Could you repeat all of the entries below word for word, apart from the pictures?
"""
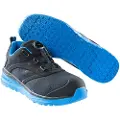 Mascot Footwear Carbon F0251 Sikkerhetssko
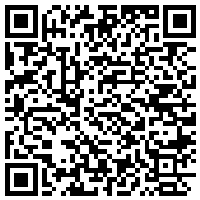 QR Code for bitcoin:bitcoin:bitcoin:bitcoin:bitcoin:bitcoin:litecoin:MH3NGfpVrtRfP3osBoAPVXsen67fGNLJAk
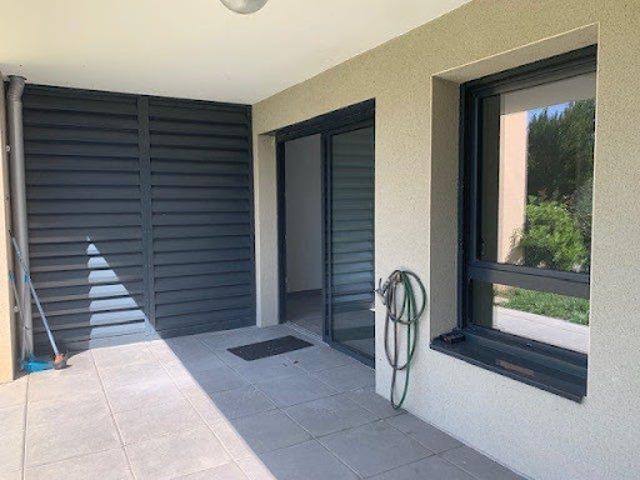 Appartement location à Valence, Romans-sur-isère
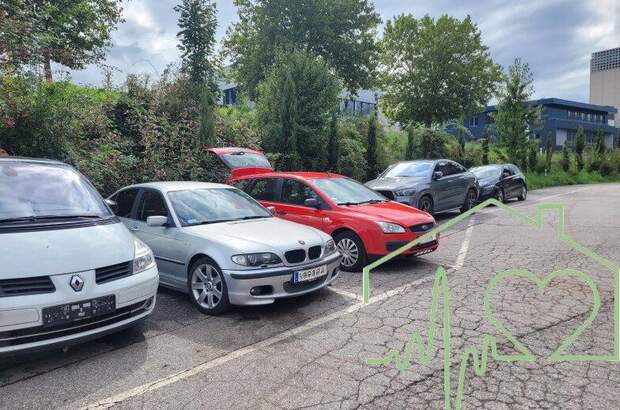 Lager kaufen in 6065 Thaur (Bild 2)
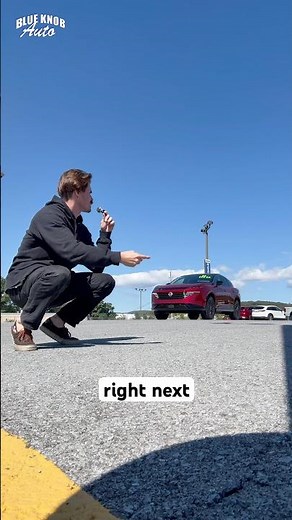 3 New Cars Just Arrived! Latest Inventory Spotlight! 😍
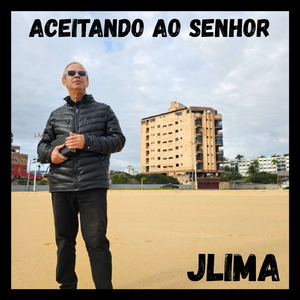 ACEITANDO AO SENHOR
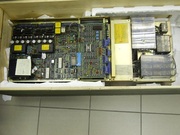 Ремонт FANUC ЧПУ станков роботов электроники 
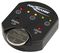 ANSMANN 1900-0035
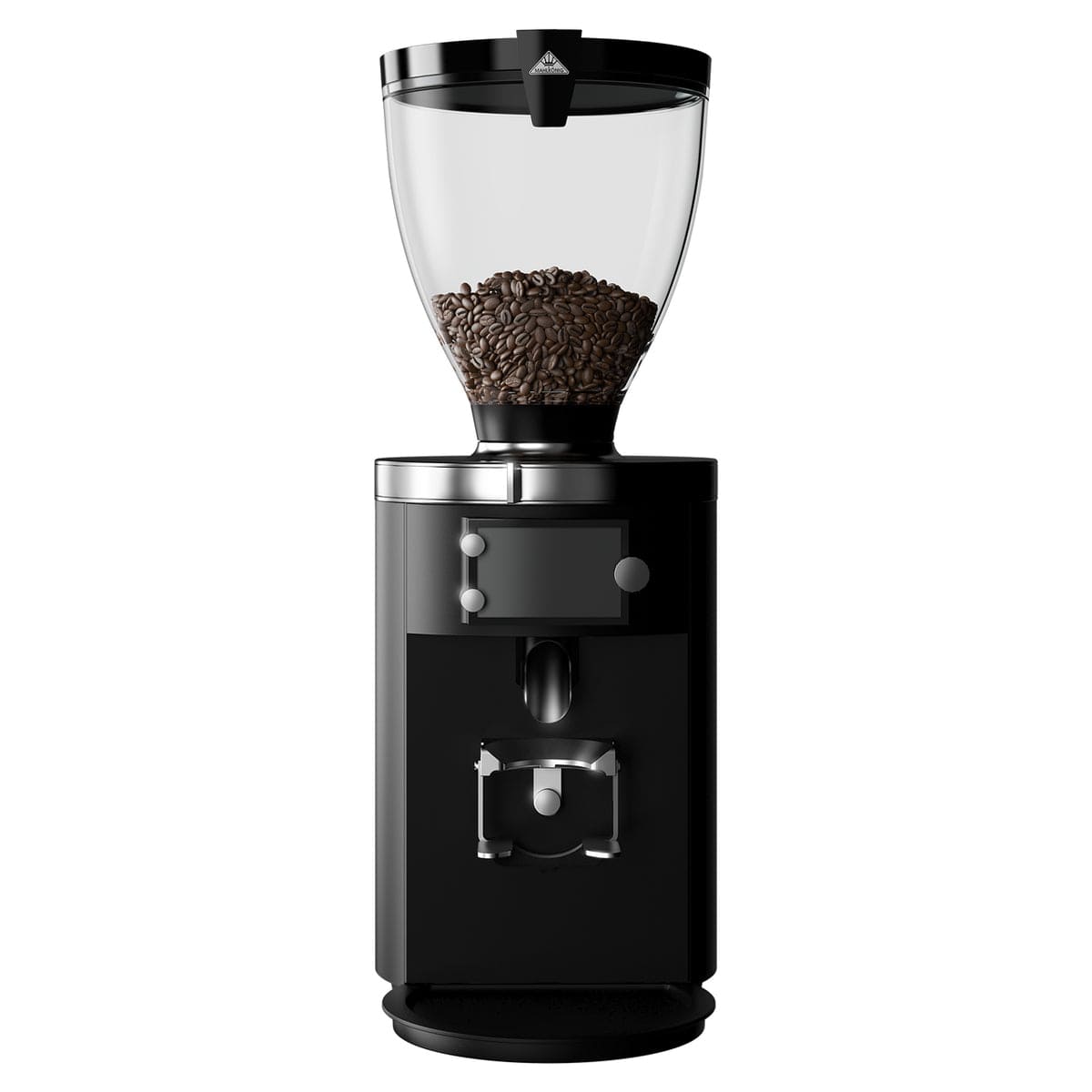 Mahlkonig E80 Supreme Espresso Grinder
"""
■ **SOLUTION TO THIS PROBLEM**
 Mascot Footwear Carbon F0251 Sikkerhetssko
 QR Code for bitcoin:bitcoin:bitcoin:bitcoin:bitcoin:bitcoin:litecoin:MH3NGfpVrtRfP3osBoAPVXsen67fGNLJAk
 Appartement location à Valence, Romans-sur-isère
 Lager kaufen in 6065 Thaur (Bild 2)
 3 New Cars Just Arrived! Latest Inventory Spotlight! 😍
 ACEITANDO AO SENHOR
 Ремонт FANUC ЧПУ станков роботов электроники 
 ANSMANN 1900-0035
 Mahlkonig E80 Supreme Espresso Grinder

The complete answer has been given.